Slovenia has the oldest vine in the world, one of the smallest mammals in world (the Etruscan shrew), and one of the largest populations of brown bears in Europe. Its stud farm for Lipizzaner horses has been operating since 1580. Nearly 60% of the country is forested. Although it’s a bit smaller than New Jersey, Slovenia has 4300 miles [7000 km] of hiking trails with 165 mountain huts. Slovenians celebrate the Saltworkers’ Festival, the Cabbage Festival, Chestnut Sunday and Bean Day, among other gastronomic events. For the past several years Slovenian schoolchildren have danced in the world’s largest synchronized quadrille on the last day of school.
Traveler’s editor, Keith Bellows, visited Slovenia a few years ago, and wrote up his impressions for a special feature we ran on spontaneous journeys. Read his essay on the country after the jump.
Suddenly Slovenia, by Keith Bellows
I had no plans to go to Slovenia. And then I met Rok Kvaternik, who said, simply, “Come to my country and you’ll never forget it. The food will astonish you.” He should know, considering he published 30 Finest Flavours of Slovenia.
“You’ll see castles and monasteries and limestone caves and Alpine scenery–and who knows what else.” That’s when I said yes. When it comes to travel, the potential for surprise closes the deal.
Googling the place, I learned that the country’s salt is coveted by high-end eateries from Manhattan to Tokyo, and that “karst”–the word for limestone, derived from a region here–is one of Slovenia’s contributions to the world’s vocabulary. Formerly part of Yugoslavia, a nation the map no longer acknowledges, Slovenia was once the domain of the Habsburgs and part of the Holy Roman Empire. Independent in 1991, it assumed the presidency of the European Union in 2008. But, of course, surprise rewards the least prepared.

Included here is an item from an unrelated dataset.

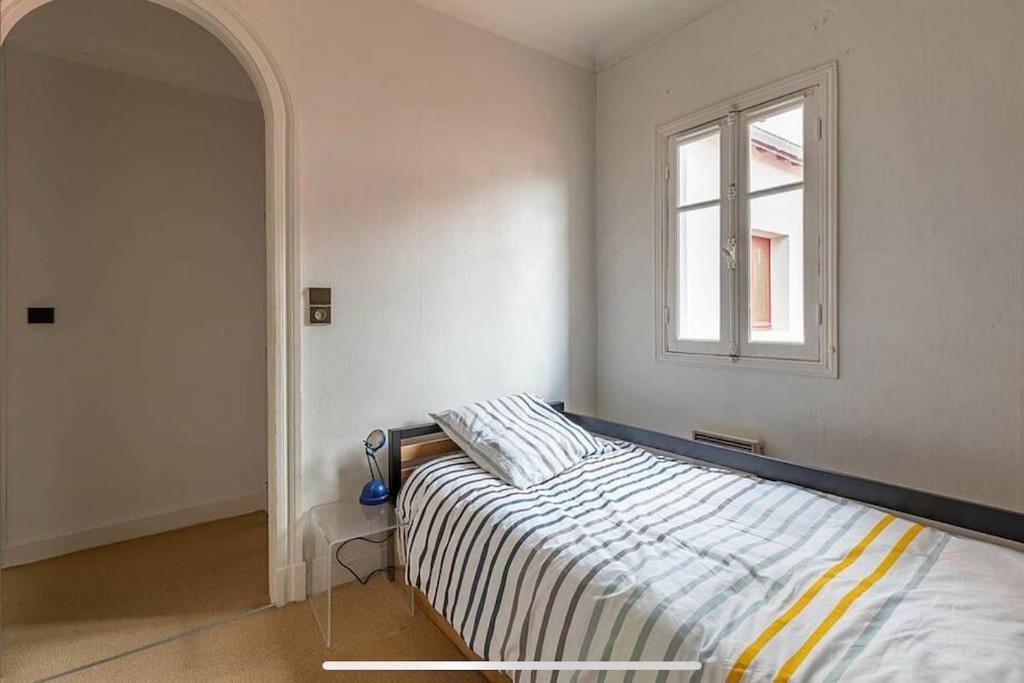 Exceptionnel 3 Pieces Art Deco En Dernier Etage Avec Garage Prive Centre Biarritz Διαμέρισμα Εξωτερικό φωτογραφία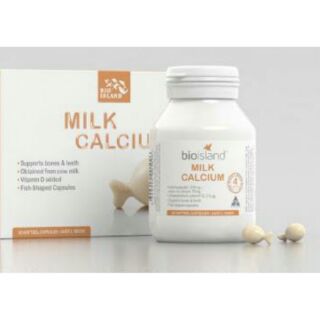 Canxi sữa Bio island milk calcium 90 viên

An hour after landing at Brnik Airport, and meeting Rok, we were helicoptering at 6,000 feet (1,829 meters) over this doughnut hole of Europe, which is handily poised between Vienna and Venice. “Slovenia is hardly bigger than an Australian sheep farm, with two million people,” said Rok. We swept over a rumpled rug of peaks (and a valley that is in Hemingway’s A Farewell to Arms),
traveling from Slovenia’s Alpine borders with Austria and Italy to its sliver of Adriatic coastline. We banked past 9,400-foot (2,865-meter) Mount Triglav, which graces Slovenia’s flag; zigzagged along Slovenia’s border with Croatia; then clattered home as the sun set off the left side of the copter and the moon rose to the right.
We later toured medieval castles in Bled and Ljubljana, and took a walk through Pleterje, a six-centuries-old Carthusian monastery whose residents still take a vow of silence. We toured Ljubljana’s fog-shrouded market and cobblestoned streets. For hours, we explored Postojna cave, an underground limestone labyrinth of eerie silence and chill beauty.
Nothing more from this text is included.